Em conferência de imprensa em Faro, o Sindicato dos Enfermeiros Portugueses (SEP) diz que cerca de 250 trabalhadores dos Hospitais do Algarve, com contratos a prazo podem não ver os seus contratos renovados e ser despedidos, conduzindo a uma situação de ruptura nos serviços de saúde, sobretudo em áreas críticas como cirurgia geral.
Segundo o SEP, estão nesta situação 70 enfermeiros, 81 assistentes operacionais e 17 assistentes técnicos no Hospital de Faro e 79 enfermeiros no Centro Hospitalar do Barlavento Algarvio. Todos estes trabalhadores têm contrato a prazo e alguns deles são precários desde 2007.

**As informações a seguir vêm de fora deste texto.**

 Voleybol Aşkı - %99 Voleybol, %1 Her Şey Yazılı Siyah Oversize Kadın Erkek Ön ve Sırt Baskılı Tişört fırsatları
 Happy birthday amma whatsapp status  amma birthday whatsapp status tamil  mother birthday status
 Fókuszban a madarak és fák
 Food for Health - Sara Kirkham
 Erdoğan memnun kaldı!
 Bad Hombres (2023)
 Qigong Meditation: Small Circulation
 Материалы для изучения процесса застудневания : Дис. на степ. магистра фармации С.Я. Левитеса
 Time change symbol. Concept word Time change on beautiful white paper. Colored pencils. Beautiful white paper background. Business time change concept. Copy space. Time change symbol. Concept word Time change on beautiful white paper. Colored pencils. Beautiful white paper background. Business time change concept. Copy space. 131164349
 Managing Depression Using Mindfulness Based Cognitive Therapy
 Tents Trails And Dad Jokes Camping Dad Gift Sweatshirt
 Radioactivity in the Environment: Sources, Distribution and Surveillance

Nuno Manjua, da direcção regional de Faro do SEP, declarou à agência Lusa:
“Como sabemos, neste momento há uma política de contenção e de cortes cegos que podem fazer com que essas renovações ou novos contratos não sejam aceites. Queremos evitar a todo o custo estes despedimentos, porque, se acontecerem, vão deixar em rutura alguns serviços do Hospital Distrital de Faro e do Centro Hospitalar do Barlavento Algarvio [Portimão]”.
Na conferência de imprensa, Nuno Manjua disse na conferência de imprensa que a não renovação dos contratos dará origem a uma de duas situações: o aumento das horas extraordinárias ou a redução do número de profissionais. Salientou ainda que, verificando-se qualquer uma das situações, o futuro do SNS não terá os serviços que “actualmente conhecemos, deixando de reunir garantias de resposta e apoio aos utentes”.

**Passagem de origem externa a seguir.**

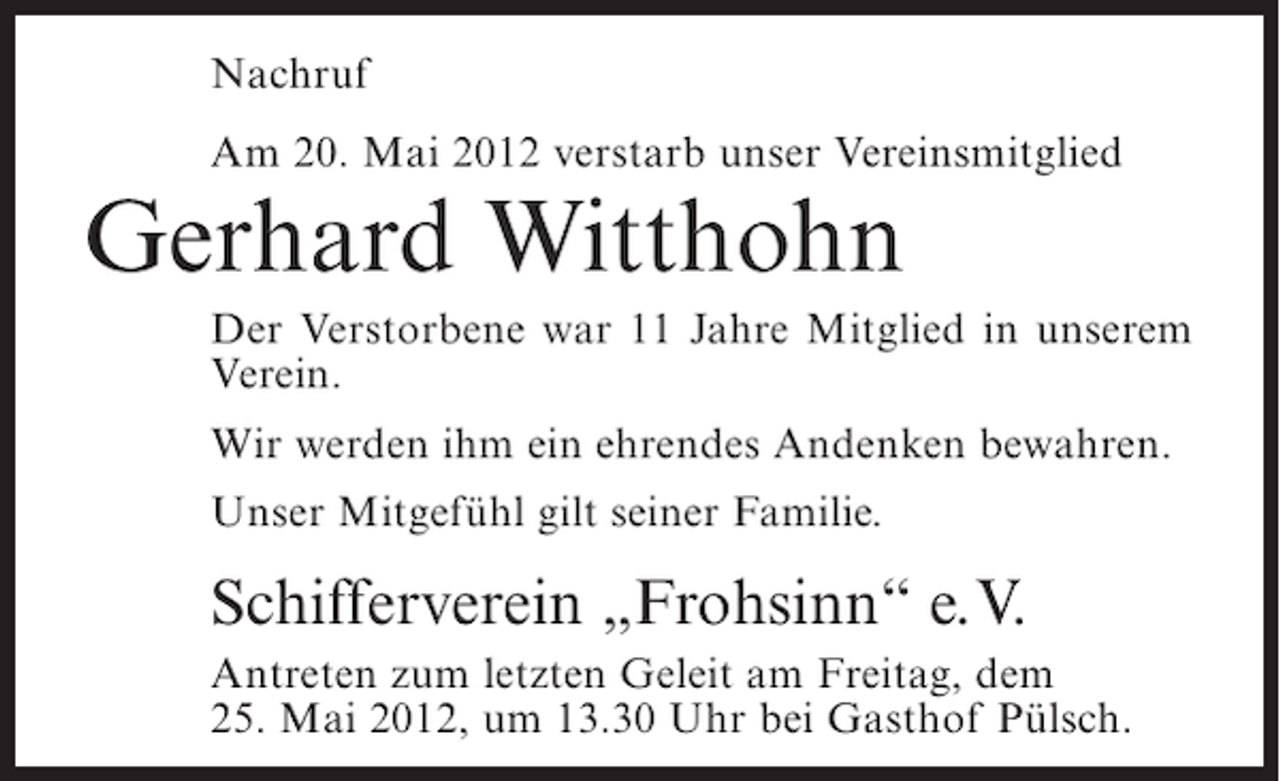 <p>Nachruf<br />Am 20. Mai 2012 verstarb unser Vereinsmitglied</p><p>Gerhard Witthohn<br />Der Verstorbene war 11 Jahre Mitglied in unserem<br />Verein.<br />Wir werden ihm ein ehrendes Andenken bewahren.<br />Unser Mitgefühl gilt seiner Familie.</p><p>Schifferverein „Frohsinn“ e.V.<br />Antreten zum letzten Geleit am Freitag, dem<br />25. Mai 2012, um 13.30 Uhr bei Gasthof Pülsch.</p>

Guadalupe Simões, vice-coordenadora do SEP, afirmou que “as medidas de redução de despesa no SNS, anunciadas pelo governo, conduzem a uma gestão criminosa da saúde”, sublinhando que reduzir despesa, despedindo profissionais, aumenta o ritmo de trabalho pelo acumular de horas extraordinárias, e “neste cenário será impossível continuar os cuidados de excelência a que estamos habituados, e que pagamos!”
O SEP anunciou também que os enfermeiros realizarão uma concentração junto ao ministério da saúde na próxima sexta feira, 4 de Novembro e participarão na manifestação da manifestação dos trabalhadores da administração pública no dia 12, em Lisboa.